The clip state­ment that it is only the mon­grel poul­try that has been killed off, was cor­rect at one time, but now, and dur­ing the last 12 months, tens of thou­sands of good, pure bred stock have been sent on to the morn­ing mar­ket or dis­posed of, to butch­ers to save the “food bill.” Whole flocks of suck stock have been dis­posed of in many in­stances, and upon in­quir­ing why,

the only an­swers that have been forth­com­ing are: “The high price of food­stuffs,” or “The tempt­ing prices for table poul­try.” That class of poul­try keeper, known as the small­holder of back­yarder, could not prof­itable pro­duce eggs or table poul­try at the prices he got in South Africa, food­stuffs be­ing too high. Lack of or­gan­i­sa­tion pre­vented him get­ting the prices rul­ing over­seas, that could have been his through ex­port. He there­fore sent his birds to the mar­ket. Farm­ers could and still can pro­duce more cheaply, but through lack of or­gan­i­sa­tion did not get nearly the prices for eggs that were paid by the con­sumer. The town pro­ducer’s out­put hav­ing been re­duced to the min­i­mum, deal­ers eas­ily cap­tured and con­trolled the sup­ply com­ing from farms and were able to ma­nip­u­late the mar­ket and con­sumers’ prices ac­cord­ingly.

Hav­ing wo­ken up to the dan­ger­ous po­si­tion the poul­try in­dus­try is in, but be­ing fully alive to the pos­si­bil­i­ties it has for those that are pre­pared to move. I would ask: “Are you mov­ing, reader?”

When did you last visit a fel­low poul­try­men’s yard and dis­cuss his birds or in­vited him to visit yours?

How about speak­ing to your dealer about a spe­cial for your show, or the lay­ing com­pe­ti­tion, or a do­na­tion for your club?

When were you last at a com­mit­tee meet­ing?

Are you aware of the fact that dur­ing the last month or two food­stuffs have dropped 50 per cent in price? Have you ever sug­gested a meet­ing of those in­ter­ested to start the club, or start a co-op­er­a­tive buy­ing or sell­ing de­pot for your club or as­so­ci­a­tion, and what prac­ti­cal ad­vice or as­sis­tance have you given?

It is pos­si­ble to go on in this strain for a long time, but one does not want to pile on the agony.
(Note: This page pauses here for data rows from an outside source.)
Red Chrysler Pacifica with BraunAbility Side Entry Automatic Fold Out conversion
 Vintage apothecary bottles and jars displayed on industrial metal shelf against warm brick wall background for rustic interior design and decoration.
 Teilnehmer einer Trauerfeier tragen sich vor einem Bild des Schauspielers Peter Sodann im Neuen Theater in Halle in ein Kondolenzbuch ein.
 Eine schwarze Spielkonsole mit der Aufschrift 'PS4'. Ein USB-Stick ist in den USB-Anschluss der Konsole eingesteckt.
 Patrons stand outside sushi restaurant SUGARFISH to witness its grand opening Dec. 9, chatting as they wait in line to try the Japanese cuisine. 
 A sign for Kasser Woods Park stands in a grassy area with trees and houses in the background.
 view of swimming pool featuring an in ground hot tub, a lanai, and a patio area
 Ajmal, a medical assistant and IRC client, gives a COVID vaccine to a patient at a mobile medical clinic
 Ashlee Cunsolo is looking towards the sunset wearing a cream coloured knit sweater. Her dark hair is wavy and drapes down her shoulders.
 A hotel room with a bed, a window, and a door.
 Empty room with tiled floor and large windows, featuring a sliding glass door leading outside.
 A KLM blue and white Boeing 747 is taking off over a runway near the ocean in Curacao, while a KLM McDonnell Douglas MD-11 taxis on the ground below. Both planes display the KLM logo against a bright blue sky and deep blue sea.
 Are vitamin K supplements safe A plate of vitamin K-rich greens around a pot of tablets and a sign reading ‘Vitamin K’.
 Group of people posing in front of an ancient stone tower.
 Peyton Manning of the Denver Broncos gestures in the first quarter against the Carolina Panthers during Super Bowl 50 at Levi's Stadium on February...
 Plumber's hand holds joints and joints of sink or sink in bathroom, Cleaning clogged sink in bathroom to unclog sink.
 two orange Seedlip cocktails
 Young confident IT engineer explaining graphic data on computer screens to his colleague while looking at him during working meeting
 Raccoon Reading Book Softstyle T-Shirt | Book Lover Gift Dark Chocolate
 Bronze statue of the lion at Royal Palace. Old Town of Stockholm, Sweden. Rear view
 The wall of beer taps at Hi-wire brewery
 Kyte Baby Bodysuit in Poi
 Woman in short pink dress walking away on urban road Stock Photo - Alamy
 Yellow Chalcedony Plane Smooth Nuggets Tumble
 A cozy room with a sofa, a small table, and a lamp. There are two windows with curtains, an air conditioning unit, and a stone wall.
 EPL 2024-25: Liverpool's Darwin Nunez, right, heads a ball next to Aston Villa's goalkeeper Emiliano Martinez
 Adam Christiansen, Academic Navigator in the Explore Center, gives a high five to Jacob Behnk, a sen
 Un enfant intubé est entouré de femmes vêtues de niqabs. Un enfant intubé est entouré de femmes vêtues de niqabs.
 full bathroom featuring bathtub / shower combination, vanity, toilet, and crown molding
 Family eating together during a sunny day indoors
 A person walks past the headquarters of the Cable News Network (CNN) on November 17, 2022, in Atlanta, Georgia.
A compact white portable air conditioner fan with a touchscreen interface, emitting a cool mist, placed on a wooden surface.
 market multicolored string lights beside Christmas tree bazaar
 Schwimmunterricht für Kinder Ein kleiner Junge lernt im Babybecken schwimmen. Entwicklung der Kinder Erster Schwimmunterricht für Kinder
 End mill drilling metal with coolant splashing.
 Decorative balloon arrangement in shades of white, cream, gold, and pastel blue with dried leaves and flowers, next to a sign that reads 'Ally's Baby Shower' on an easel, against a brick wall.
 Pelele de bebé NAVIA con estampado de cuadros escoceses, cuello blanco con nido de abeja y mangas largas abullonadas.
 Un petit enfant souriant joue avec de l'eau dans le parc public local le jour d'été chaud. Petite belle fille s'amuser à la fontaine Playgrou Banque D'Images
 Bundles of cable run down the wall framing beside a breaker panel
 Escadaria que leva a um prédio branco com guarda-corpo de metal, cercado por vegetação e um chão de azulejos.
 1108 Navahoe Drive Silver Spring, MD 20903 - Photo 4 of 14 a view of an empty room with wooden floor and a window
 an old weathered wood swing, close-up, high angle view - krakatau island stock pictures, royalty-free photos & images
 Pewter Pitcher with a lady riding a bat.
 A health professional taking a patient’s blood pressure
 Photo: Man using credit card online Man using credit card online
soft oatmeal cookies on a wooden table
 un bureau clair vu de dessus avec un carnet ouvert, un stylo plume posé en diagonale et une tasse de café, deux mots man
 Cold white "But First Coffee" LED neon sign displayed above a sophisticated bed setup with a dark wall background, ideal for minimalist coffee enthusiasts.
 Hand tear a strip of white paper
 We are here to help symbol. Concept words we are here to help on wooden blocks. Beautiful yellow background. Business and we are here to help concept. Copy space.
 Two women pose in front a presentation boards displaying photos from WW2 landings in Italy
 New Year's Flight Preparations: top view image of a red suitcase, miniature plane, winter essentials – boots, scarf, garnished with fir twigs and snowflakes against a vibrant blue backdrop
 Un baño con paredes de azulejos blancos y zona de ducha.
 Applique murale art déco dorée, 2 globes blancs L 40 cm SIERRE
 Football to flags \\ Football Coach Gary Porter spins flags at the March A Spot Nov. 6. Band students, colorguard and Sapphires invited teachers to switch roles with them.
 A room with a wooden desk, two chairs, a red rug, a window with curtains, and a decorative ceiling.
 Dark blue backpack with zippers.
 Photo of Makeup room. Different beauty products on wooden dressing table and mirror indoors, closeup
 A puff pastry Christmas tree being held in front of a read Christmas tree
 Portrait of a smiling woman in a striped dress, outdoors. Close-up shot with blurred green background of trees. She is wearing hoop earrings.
Let us own up frankly we have been asleep, but, at least be able to say we have woke up again.

We can best move by putting into prac­ti­cal ef­fect some of the fol­low­ing or other orig­i­nal ideas, ac­cord­ing to the lo­cal re­quire­ment, con­di­tions and sur­round­ings, or us­ing our tal­ents and time avail­able on, say, the fol­low­ing lines:

Tackle the mu­nic­i­pal au­thor­i­ties about the dis­posal of eggs and poul­try by weight, both on the morn­ing mar­kets and through leg­is­la­tion, while forc­ing lo­cal store­keep­ers and oth­ers to do like­wise.

Push this ques­tion at mu­nic­i­pal elec­tion time, and sup­port only the can­di­dates in favour of this pro­gres­sive step. Write about it in the lo­cal press and ed­u­cate the pub­lic on the points. Visit the morn­ing mar­ket and point out to the morn­ing mas­ter sick birds, ad­vise him to refuse to sell them, and en­deav­our to se­cure the sup­port of the M.O.H. to or­der their de­struc­tion. If the above is only done once or twice it would cause a stir and a seven days drop scan­dal. But what of that? The poul­try in­ter­est would score. It would be brought to the pub­lic no­tice and would ben­e­fit, sooner or later, a live as­so­ci­a­tion of poul­try en­thu­si­asts, and would be ap­pre­ci­ated by the bulk of the lo­cal in­hab­i­tants, as a prac­ti­cal body, watch­ing that one of their ar­ti­cles of food was fit for hu­man con­sump­tion. Oc­ca­sion­ally visit the rail­way sta­tions and draw the at­ten­tion of the proper au­thor­i­ties to crowded and poor coops, egg boxes etc. If tact­fully done, this in­ter­ven­tion will be ap­pre­ci­ated.